_Exercise details_
Of all the entries below, retype only the lines from the one with "L'Espagne à Paris" through the one with "Photo - 41 Edinburgh", exactly as they appear.

_Dataset excerpts_
=== Section Start ===

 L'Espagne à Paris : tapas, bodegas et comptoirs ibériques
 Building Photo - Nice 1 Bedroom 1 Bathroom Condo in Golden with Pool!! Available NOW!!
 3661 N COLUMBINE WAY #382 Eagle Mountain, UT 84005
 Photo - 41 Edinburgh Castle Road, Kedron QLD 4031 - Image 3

=== Section End ===
=== Section Start ===

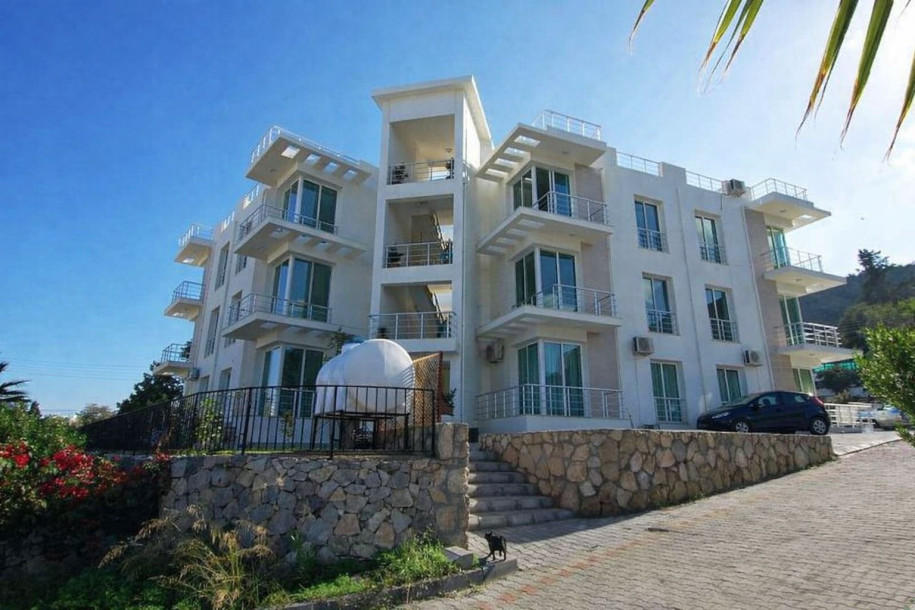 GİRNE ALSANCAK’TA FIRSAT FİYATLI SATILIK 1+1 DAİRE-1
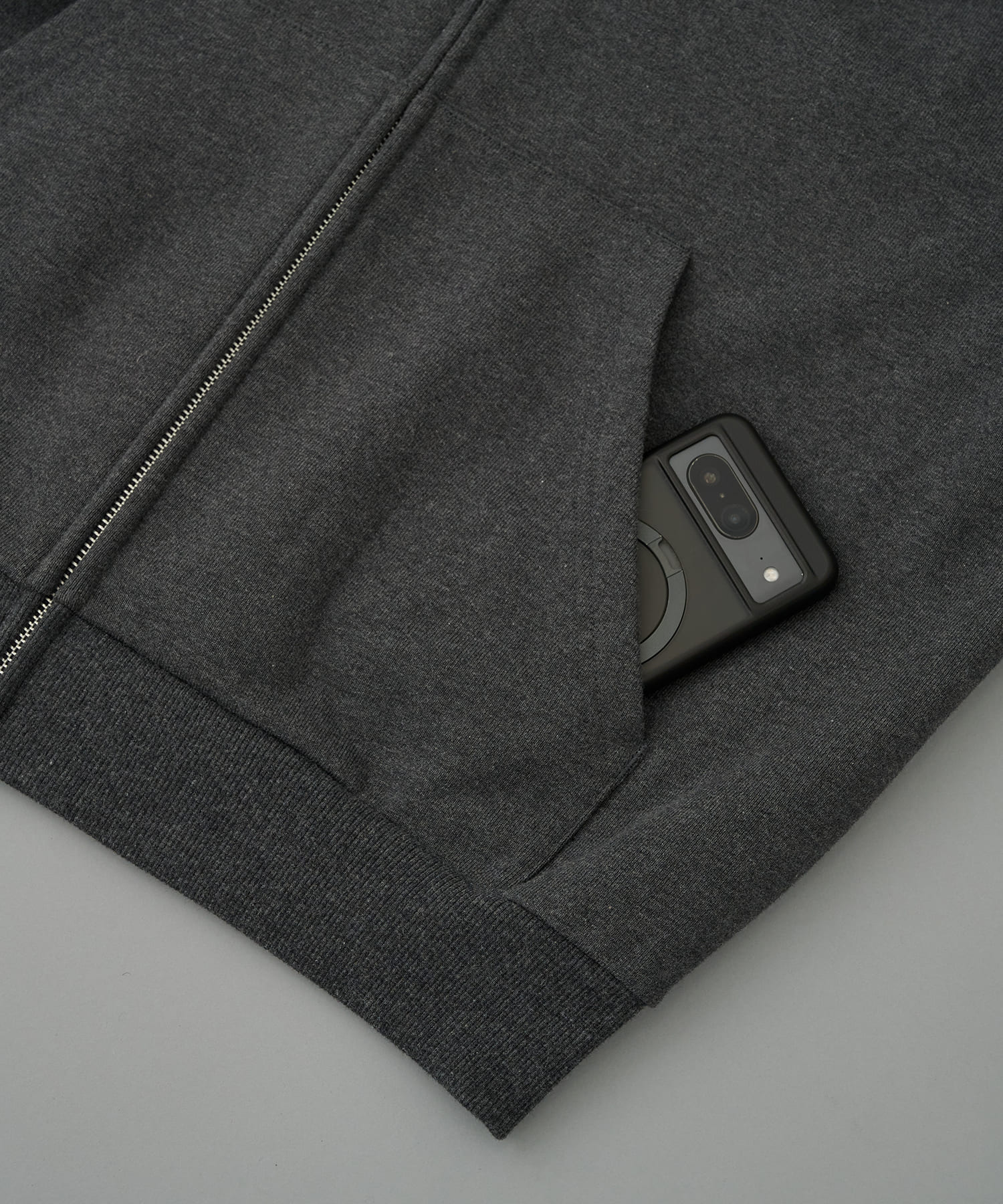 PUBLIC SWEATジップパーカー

=== Section End ===

_Problem solution_
 L'Espagne à Paris : tapas, bodegas et comptoirs ibériques
 Building Photo - Nice 1 Bedroom 1 Bathroom Condo in Golden with Pool!! Available NOW!!
 3661 N COLUMBINE WAY #382 Eagle Mountain, UT 84005
 Photo - 41 Edinburgh Castle Road, Kedron QLD 4031 - Image 3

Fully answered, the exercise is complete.